The reply should hold only the lines below beginning at the one with "Valeo Engine Cooling" and ending at the one with "Bioquímica O lactato", copied exactly, with every picture left out.

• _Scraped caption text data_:
Start of Block

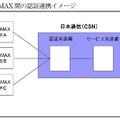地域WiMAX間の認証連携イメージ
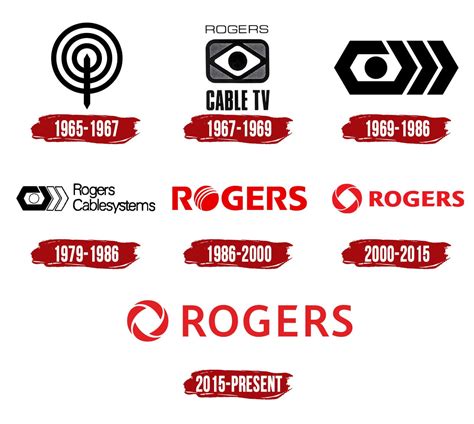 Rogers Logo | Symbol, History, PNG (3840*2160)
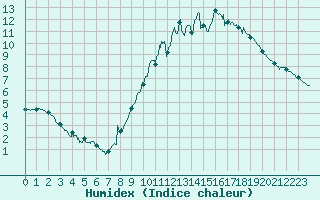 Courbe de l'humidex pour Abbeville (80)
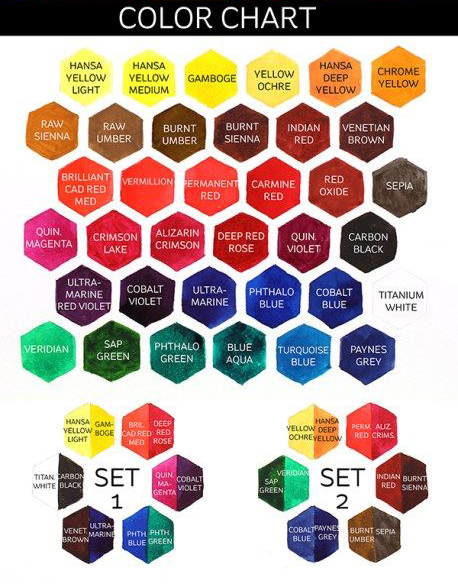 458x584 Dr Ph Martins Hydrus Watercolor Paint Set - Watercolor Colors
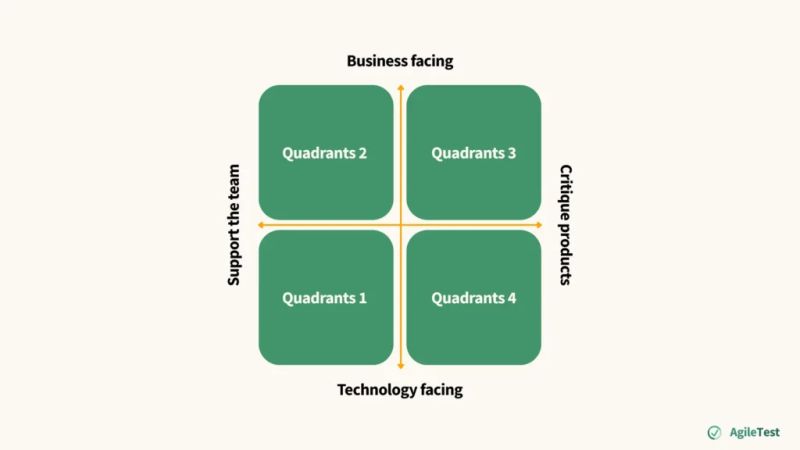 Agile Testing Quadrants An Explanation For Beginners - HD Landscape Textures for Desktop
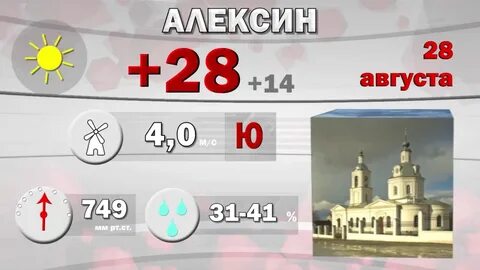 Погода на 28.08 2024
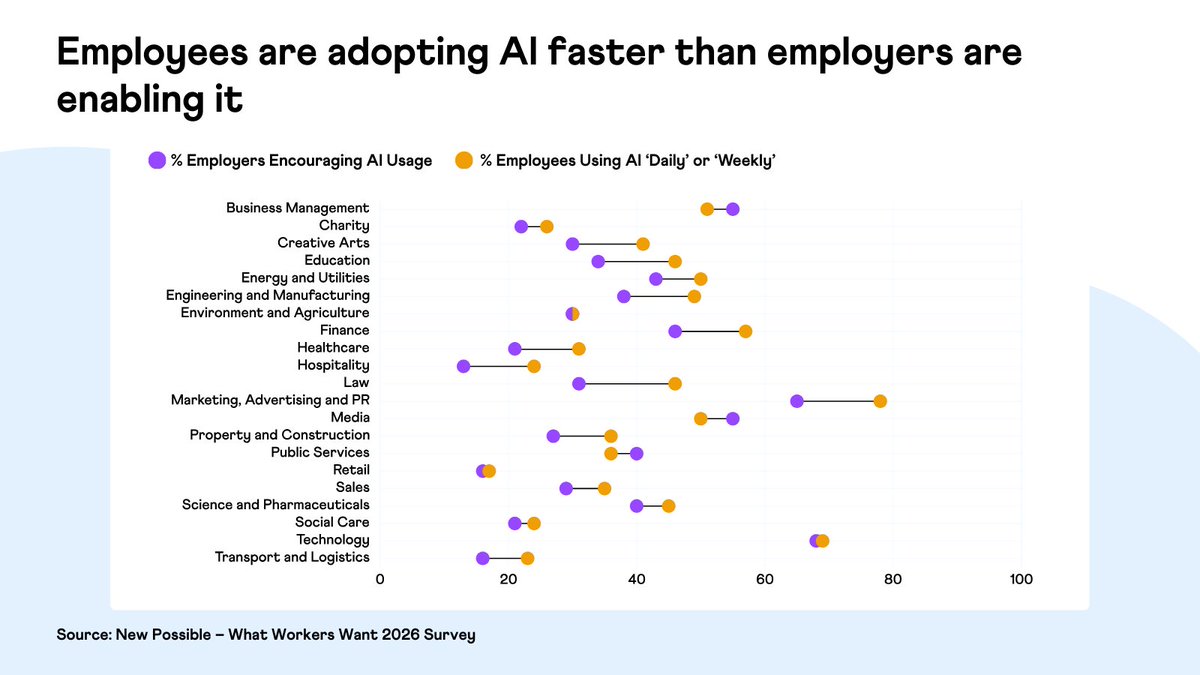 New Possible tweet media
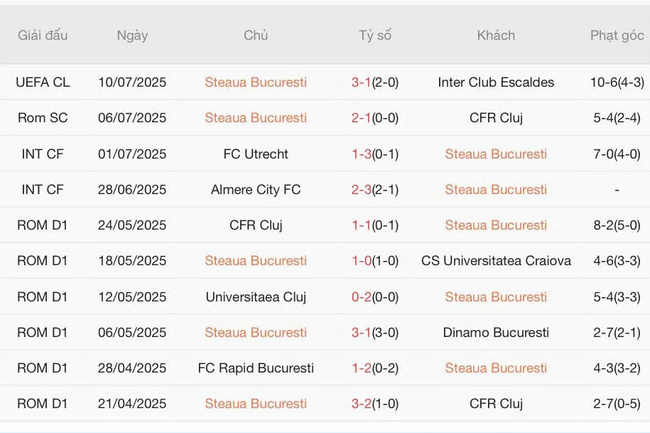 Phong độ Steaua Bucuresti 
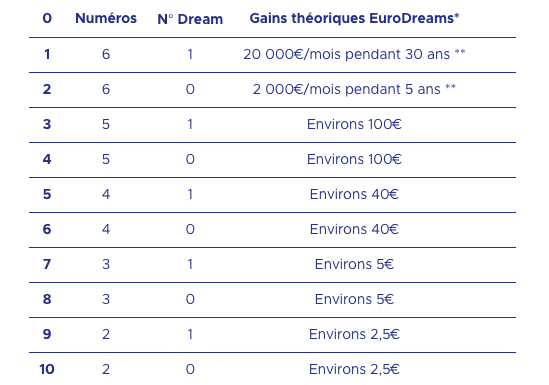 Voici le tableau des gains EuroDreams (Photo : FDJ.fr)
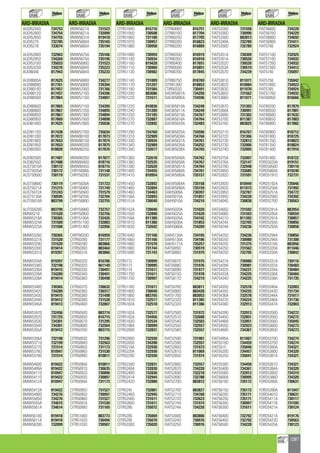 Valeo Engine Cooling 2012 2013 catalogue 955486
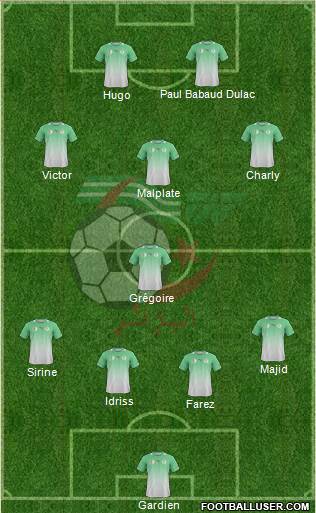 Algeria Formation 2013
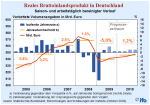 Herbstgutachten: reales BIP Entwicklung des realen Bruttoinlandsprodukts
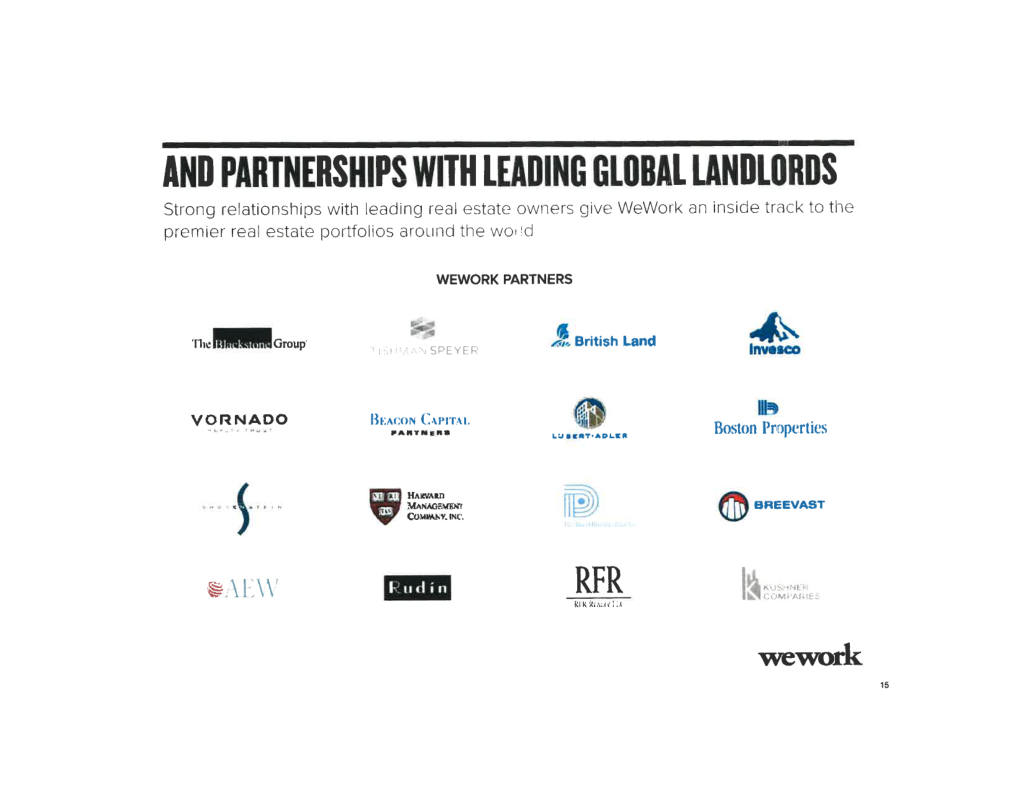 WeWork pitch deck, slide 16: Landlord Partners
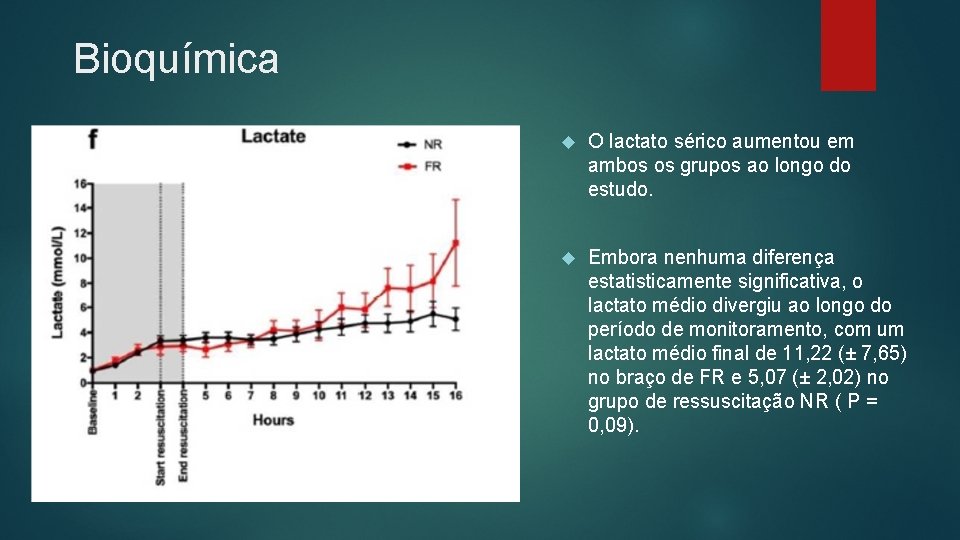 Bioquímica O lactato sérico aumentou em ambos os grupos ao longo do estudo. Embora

End of Block
Start of Block

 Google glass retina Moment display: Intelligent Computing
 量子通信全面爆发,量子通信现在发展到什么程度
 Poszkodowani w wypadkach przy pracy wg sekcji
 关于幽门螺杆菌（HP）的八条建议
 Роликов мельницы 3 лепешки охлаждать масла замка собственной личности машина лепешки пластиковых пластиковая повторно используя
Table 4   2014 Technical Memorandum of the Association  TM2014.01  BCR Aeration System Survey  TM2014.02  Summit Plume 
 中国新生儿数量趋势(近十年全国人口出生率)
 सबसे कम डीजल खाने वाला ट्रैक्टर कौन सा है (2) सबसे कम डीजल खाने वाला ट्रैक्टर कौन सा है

End of Block

• _Solution to this exercise_:
 Valeo Engine Cooling 2012 2013 catalogue 955486
 Algeria Formation 2013
 Herbstgutachten: reales BIP Entwicklung des realen Bruttoinlandsprodukts
 WeWork pitch deck, slide 16: Landlord Partners
 Bioquímica O lactato sérico aumentou em ambos os grupos ao longo do estudo. Embora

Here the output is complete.